Nach Außen ist Cathy die treu sorgende Ehefrau und Mutter. Sie führt ein strenges Regiment und ihre Kinder blicken stolz zu ihr auf. Ihrem Ehemann hält sie den Rücken frei und bestärkt ihn wo sie nur kann. Ihre Sorgen bestehen darin, sich Gedanken über die Verlässlichkeit des Partyservices zu machen und die Ballettstunden ihrer Tochter zu organisieren. Der Film bestärkt diese Sichtweise, indem seine Figuren sich durch knallbuntes Herbstlaub bewegen und stets in Technicolor dargestellt werden. Amerika wie es Ende der 1950er Jahre nicht idyllischer und zugleich auch nicht verlogener sein kann.

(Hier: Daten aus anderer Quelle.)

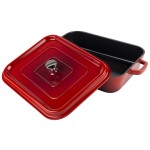 GET Heiss 5 Qt. Red Enamel Coated Cast Aluminum Roasting Pan with Lid - 12 7/8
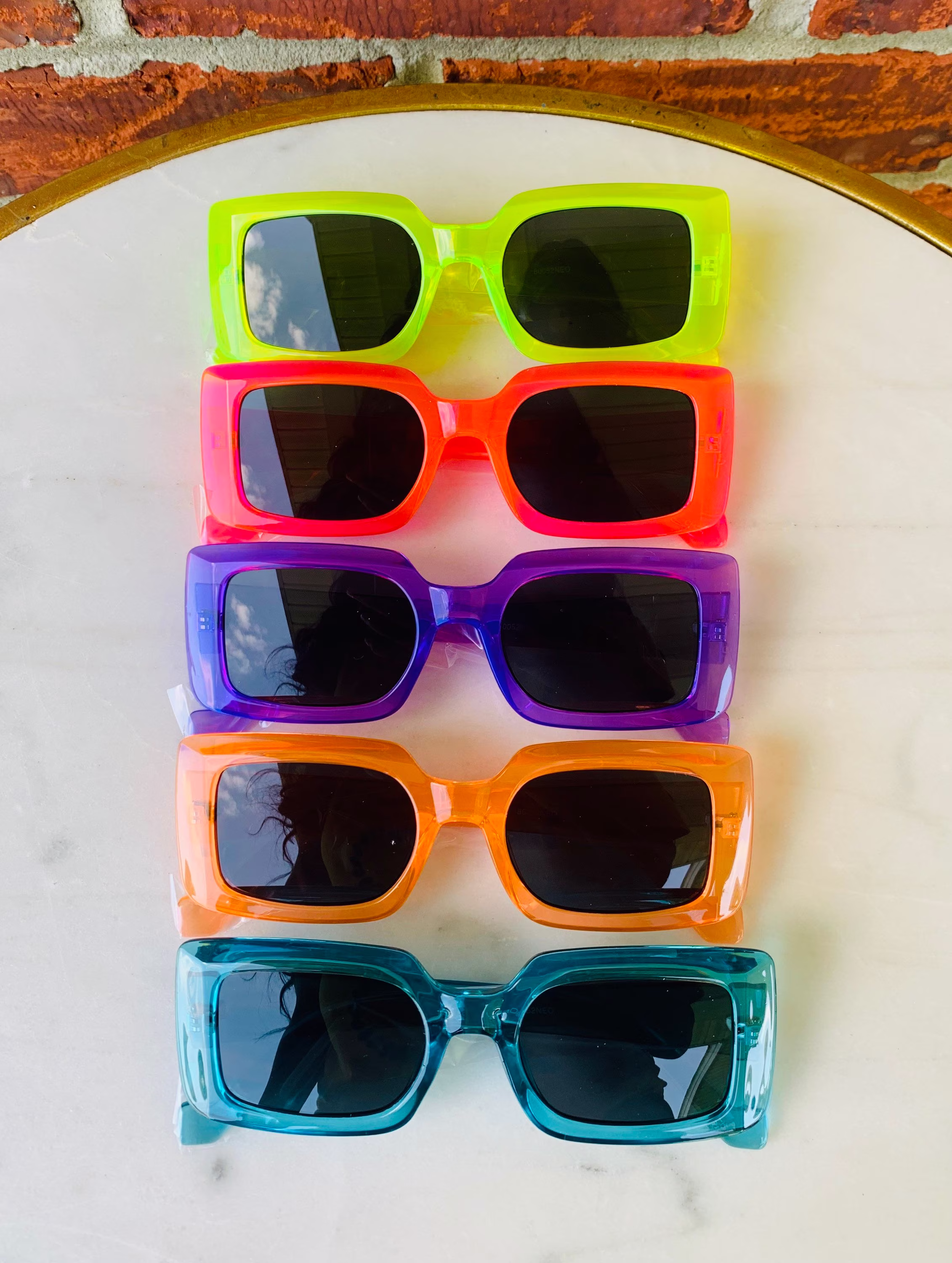 Retro Neon Square Sunglasses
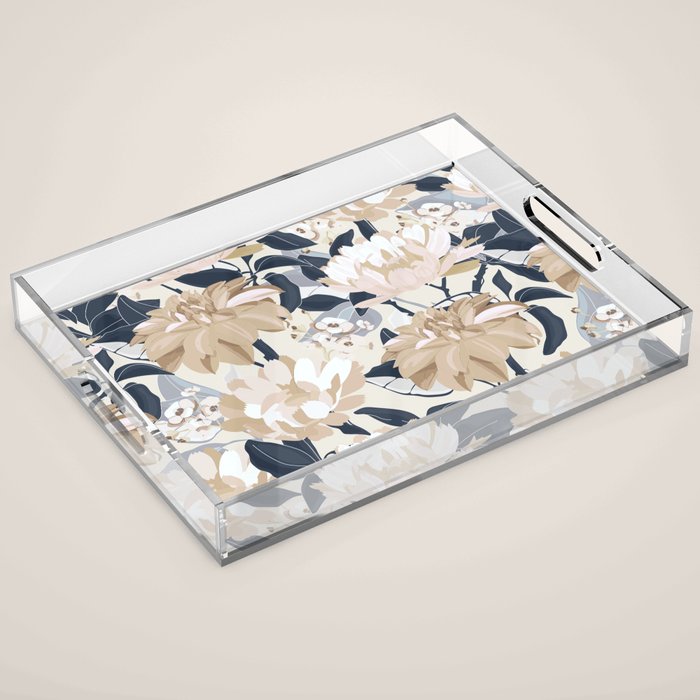 Modern Floral Acrylic Tray Gallery Image 1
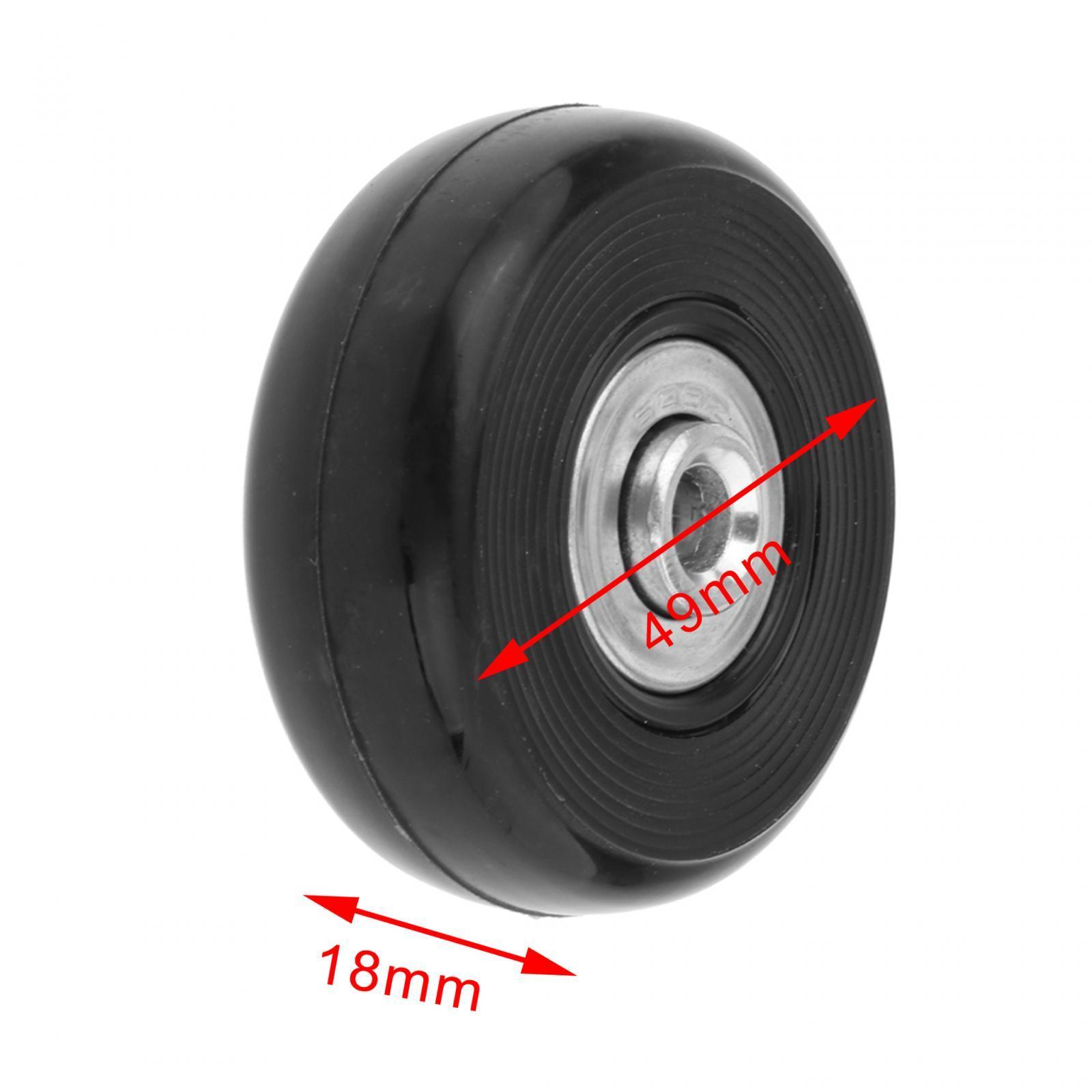 4x Replacement Suitcase Wheels PU Metal Swivel Caster Wheels Repair Set Easy Installation ,Axles Mute Luggage Suitcase Replacement Wheels Set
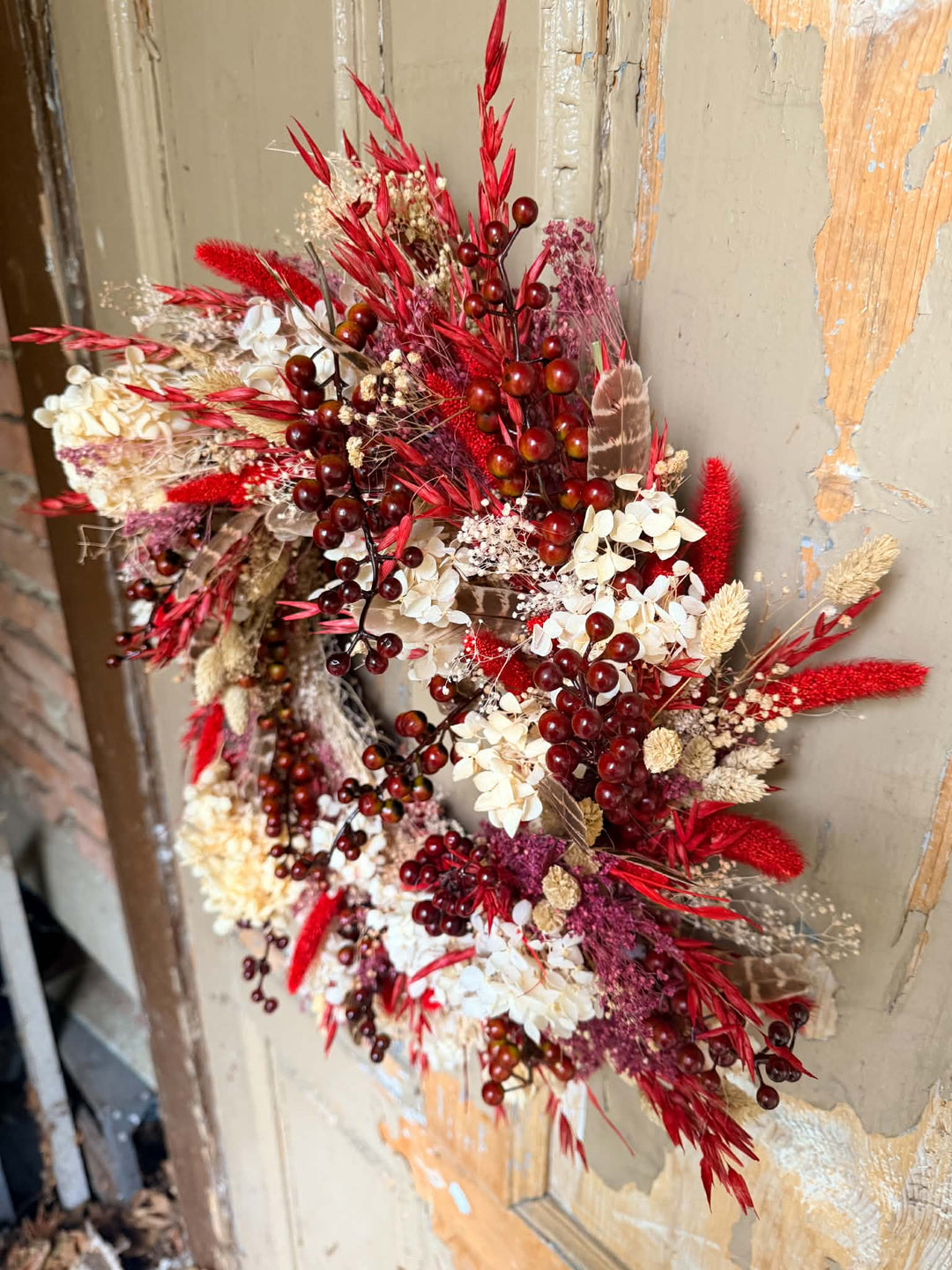 Red and Cream Autumn Door Wreath with Hydrangea and Feathers, 45 cm – handmade floral hair accessory by magaela
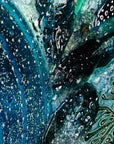 Super close up of the textural detail  on a fused glass extra large art frame, ocean reef inspired with coastal colours.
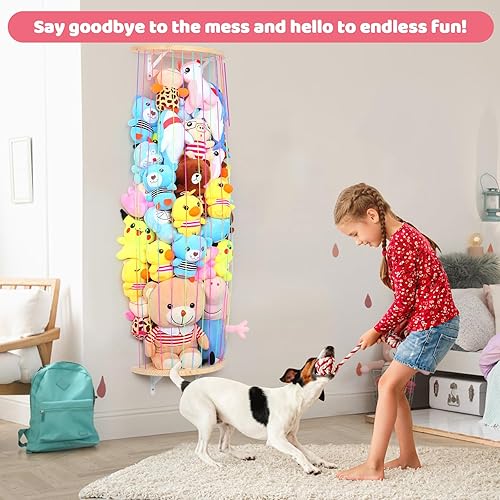 Miniatura 12 de Hamaca de almacenamiento de animales de peluche, soporte de madera para juguetes de peluche, organizador de almacenamiento de juguetes para sala de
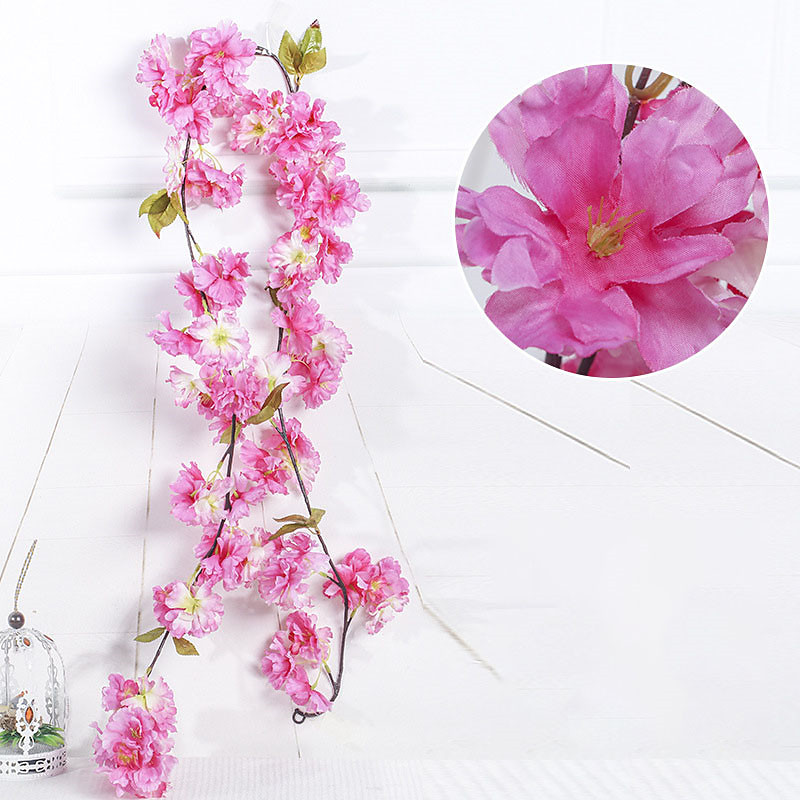 Sakura Rattan Simulation Flower Silk Flower Shape Wedding Decoration Home Venue Decoration,Fake Flowers For Wedding Arch Garden Wall Home Party Hotel Office Arrangement Decoration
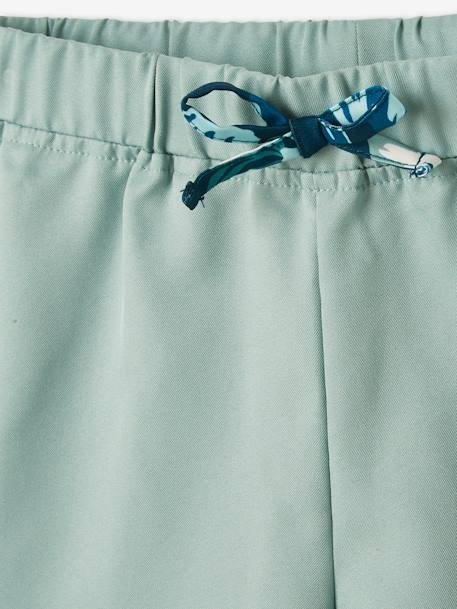 Techno Sports Shorts, Stripes with Floral Motifs, for Girls BLUE DARK SOLID - vertbaudet enfant 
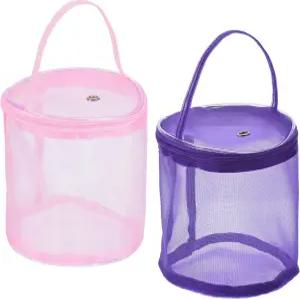 파티킬 실 보관 가방 2팩 휴대용 크로셰 뜨개질 케이스 스킨 볼 홀더 메쉬 정리함 재봉 공예 프로젝트용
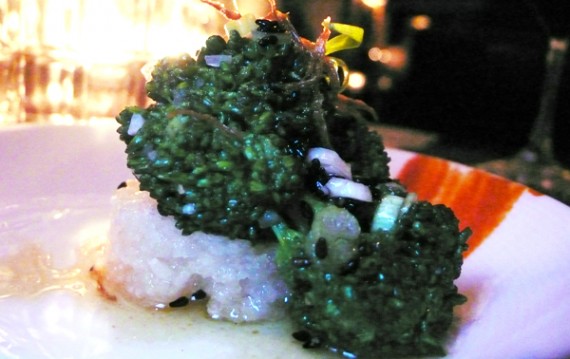 charred broccoli rabe, sushi rice cake, white soy vinaigrette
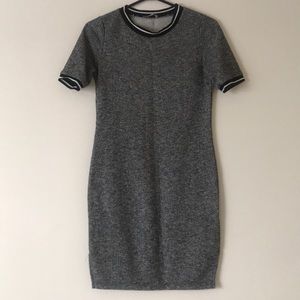Grey short sleeved dress with striped trim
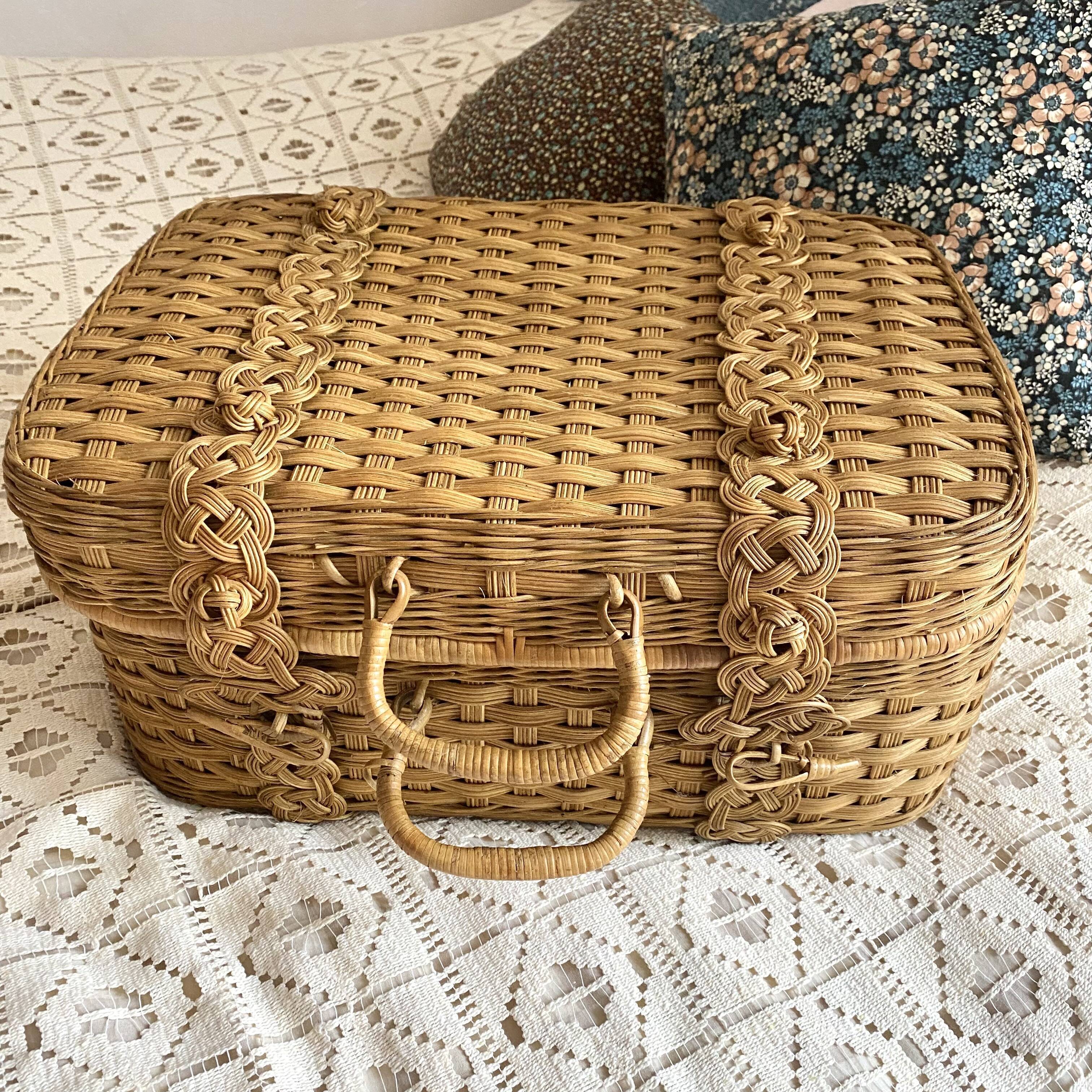Vintage rattan suitcase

Cathys Weltbild bekommt Risse, als sie eines Abends ihrem Mann das Abendessen ins Büro bringt. Ihr Götter-Gatte Frank (Dennis Quaid) knutscht heimlich im Büro - mit einem anderen Mann. Cathy ist geschockt, geleitet Frank aber verständnisvoll zum Arzt, weil der verspricht sich heilen zu lassen. Die Welt, einmal aus dem Takt geraten, gerät nicht wieder ins Lot, denn Cathy vertraut sich in ihrer Not ihrem Gärtner an. Raymond ist einfühlsam, spricht wie Shakespeare schrieb, ist alleinerziehender Witwer und ein Bild von einem Mann - leider hat Raymond die falsche Hautfarbe. Es reicht, dass Raymond und Cathy gesehen werden, wie Cathy aus Raymonds LKW steigt. Ein Skandal, der zum Stadtgespräch wird. Die Weißen schließen Cathy aus der Gesellschaft aus und die Schwarzen werfen Raymond die Scheiben seines Hauses ein.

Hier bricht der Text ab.